Bayesian neural networks: Treat model weights as random variables with posterior distributions. Provides principled uncertainty quantification but computationally expensive.

Monte Carlo Dropout: Apply dropout at test time to generate multiple stochastic forward passes. The distribution of outputs approximates the posterior predictive distribution; variance across passes estimates epistemic uncertainty. Computationally cheaper than full Bayesian inference.

Ensemble methods: Use ensemble variance as a measure of prediction uncertainty. Models that disagree signal high uncertainty; consensus signals low uncertainty.

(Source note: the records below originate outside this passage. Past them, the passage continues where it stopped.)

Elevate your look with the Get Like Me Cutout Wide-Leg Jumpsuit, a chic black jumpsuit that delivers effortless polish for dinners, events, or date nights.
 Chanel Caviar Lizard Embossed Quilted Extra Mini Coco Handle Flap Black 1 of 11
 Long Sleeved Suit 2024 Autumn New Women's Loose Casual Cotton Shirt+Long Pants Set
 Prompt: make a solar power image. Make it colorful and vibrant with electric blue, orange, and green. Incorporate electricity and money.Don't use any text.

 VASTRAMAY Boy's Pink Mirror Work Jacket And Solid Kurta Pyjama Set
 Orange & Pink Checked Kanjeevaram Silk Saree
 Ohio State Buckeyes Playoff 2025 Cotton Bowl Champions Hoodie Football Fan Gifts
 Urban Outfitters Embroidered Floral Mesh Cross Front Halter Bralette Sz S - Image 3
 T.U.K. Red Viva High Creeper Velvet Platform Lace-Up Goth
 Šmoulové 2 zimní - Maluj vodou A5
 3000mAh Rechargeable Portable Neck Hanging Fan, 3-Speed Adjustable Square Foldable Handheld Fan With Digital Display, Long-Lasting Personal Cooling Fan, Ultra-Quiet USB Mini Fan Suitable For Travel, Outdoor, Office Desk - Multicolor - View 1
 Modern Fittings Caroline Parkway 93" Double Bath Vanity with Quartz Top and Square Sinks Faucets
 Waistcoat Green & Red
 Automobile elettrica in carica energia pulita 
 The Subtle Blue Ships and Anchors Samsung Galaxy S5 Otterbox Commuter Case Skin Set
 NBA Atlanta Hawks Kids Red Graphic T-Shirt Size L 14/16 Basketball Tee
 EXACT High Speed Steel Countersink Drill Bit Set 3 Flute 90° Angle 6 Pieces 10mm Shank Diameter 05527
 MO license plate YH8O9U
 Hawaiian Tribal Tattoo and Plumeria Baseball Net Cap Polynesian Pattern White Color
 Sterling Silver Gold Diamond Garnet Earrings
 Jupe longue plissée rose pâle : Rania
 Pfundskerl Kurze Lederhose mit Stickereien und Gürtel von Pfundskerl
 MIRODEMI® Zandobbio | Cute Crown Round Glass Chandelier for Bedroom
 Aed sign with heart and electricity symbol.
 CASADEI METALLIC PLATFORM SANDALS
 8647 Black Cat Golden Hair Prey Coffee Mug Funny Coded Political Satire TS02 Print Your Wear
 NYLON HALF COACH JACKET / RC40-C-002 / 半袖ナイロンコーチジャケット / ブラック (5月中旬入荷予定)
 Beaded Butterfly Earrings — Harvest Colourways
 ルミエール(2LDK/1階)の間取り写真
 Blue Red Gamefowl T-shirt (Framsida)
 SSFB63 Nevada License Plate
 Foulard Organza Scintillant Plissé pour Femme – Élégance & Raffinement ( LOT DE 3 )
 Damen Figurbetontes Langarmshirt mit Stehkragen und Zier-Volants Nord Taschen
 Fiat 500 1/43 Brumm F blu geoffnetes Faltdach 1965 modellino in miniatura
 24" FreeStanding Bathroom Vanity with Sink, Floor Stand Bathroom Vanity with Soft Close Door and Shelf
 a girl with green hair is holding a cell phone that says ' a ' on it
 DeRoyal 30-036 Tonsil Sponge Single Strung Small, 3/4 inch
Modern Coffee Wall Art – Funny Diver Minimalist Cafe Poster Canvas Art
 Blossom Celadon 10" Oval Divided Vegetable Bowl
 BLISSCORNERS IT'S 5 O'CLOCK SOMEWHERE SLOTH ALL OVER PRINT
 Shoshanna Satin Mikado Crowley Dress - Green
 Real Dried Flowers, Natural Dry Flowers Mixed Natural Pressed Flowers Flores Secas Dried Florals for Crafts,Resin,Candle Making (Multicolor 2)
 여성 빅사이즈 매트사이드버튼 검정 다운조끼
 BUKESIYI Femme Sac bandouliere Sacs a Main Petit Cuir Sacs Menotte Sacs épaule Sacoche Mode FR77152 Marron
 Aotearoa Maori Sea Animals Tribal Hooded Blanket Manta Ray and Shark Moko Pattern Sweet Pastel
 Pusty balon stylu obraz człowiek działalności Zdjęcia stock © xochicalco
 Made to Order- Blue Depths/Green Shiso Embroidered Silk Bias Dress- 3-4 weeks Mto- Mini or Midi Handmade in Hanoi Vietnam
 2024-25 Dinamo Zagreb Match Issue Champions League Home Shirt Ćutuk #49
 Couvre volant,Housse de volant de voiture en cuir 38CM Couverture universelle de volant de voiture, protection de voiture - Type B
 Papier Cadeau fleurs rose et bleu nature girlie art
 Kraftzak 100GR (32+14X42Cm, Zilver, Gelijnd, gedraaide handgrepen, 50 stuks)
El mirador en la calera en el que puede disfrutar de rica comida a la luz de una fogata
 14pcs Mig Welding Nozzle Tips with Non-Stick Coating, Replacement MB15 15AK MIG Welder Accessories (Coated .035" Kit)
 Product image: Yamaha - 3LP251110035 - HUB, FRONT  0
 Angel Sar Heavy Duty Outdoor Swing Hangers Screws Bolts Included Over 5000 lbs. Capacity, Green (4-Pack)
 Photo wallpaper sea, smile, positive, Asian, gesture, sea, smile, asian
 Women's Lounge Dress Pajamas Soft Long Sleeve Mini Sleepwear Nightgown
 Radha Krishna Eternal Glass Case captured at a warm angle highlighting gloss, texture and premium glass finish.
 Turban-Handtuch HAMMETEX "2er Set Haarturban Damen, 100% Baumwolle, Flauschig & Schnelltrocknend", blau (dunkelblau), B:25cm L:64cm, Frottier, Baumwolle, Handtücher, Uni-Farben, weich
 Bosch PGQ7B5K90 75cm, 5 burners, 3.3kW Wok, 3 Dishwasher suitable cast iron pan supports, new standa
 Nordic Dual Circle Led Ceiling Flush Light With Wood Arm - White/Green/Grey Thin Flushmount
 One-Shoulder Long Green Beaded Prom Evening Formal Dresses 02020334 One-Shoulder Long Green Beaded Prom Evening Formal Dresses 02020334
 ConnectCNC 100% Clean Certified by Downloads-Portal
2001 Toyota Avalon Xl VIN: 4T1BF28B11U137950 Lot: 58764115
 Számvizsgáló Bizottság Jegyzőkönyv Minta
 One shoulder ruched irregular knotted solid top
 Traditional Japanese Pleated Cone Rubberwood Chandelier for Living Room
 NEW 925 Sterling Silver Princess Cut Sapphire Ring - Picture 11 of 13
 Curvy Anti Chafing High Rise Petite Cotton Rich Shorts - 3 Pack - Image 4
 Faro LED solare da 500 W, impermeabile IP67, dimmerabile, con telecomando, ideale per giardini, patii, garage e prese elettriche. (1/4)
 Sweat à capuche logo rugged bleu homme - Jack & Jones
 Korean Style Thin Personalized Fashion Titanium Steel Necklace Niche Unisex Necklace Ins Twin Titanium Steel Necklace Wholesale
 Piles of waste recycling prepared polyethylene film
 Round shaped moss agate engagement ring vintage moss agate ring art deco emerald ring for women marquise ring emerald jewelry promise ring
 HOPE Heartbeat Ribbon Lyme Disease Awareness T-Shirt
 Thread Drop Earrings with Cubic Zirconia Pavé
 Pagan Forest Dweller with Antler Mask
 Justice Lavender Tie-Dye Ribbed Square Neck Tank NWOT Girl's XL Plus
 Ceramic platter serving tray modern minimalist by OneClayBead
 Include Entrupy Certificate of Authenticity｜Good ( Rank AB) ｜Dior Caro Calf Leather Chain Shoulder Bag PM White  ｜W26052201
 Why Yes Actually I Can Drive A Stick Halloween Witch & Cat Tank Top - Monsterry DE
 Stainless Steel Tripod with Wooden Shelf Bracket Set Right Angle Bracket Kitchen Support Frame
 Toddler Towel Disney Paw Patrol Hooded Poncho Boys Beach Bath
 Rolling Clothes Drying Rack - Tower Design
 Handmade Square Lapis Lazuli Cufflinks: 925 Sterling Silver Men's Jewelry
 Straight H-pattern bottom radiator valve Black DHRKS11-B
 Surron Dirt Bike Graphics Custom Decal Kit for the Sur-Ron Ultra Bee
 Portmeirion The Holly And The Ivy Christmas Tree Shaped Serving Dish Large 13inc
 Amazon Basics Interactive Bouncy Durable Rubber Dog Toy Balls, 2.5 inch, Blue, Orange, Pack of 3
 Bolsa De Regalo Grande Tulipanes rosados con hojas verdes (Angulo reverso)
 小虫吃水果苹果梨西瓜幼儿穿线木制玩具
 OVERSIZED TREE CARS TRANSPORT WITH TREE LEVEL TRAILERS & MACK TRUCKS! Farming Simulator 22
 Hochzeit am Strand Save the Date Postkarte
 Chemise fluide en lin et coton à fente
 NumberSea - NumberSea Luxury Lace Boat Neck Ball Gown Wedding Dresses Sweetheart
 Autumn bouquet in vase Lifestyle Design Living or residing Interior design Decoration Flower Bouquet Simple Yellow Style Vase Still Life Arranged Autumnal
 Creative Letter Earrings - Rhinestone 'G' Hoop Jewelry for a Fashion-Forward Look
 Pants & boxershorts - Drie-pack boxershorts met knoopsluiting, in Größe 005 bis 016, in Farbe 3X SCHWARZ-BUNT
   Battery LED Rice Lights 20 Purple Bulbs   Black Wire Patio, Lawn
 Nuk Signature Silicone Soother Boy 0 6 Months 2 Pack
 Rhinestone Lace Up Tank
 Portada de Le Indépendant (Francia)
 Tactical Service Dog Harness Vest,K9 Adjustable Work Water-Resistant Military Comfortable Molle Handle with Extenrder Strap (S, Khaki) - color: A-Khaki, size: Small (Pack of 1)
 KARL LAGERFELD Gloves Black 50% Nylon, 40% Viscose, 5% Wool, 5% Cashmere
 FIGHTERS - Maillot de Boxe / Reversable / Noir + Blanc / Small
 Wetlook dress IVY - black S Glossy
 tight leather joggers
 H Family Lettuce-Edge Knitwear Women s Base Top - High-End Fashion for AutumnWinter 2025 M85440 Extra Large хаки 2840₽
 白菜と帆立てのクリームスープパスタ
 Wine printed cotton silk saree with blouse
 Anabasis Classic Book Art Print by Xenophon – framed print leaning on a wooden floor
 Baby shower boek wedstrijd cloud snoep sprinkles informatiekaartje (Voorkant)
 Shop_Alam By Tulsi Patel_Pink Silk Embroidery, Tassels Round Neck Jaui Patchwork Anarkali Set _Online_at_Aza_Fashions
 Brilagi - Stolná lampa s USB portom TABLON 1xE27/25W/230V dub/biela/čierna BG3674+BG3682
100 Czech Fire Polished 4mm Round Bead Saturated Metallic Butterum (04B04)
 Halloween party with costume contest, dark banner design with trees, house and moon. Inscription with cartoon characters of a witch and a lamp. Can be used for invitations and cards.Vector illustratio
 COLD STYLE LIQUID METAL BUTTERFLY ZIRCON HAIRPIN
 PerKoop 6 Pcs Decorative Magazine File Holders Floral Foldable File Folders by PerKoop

Calibration: Post-process model outputs so predicted confidence aligns with true accuracy. A perfectly calibrated model assigns higher confidence only to predictions it actually gets correct.

Out-of-distribution detection: Identify inputs that fall far from the training distribution, which often correlates with high uncertainty.

Key papers in this wiki

  • A Heuristic-driven Uncertainty based Ensemble Framework for Fake News Detection in Tweets and News Articles: Uses Monte Carlo Dropout in a Statistical Feature Fusion Network to quantify prediction uncertainty in fake news detection. Multiple stochastic forward passes with different dropout masks yield mean (point estimate) and variance (uncertainty); properly calibrated uncertainty improves interpretability and enables active learning. Demonstrates that uncertainty-aware systems provide better fault tolerance in critical applications like fake news detection.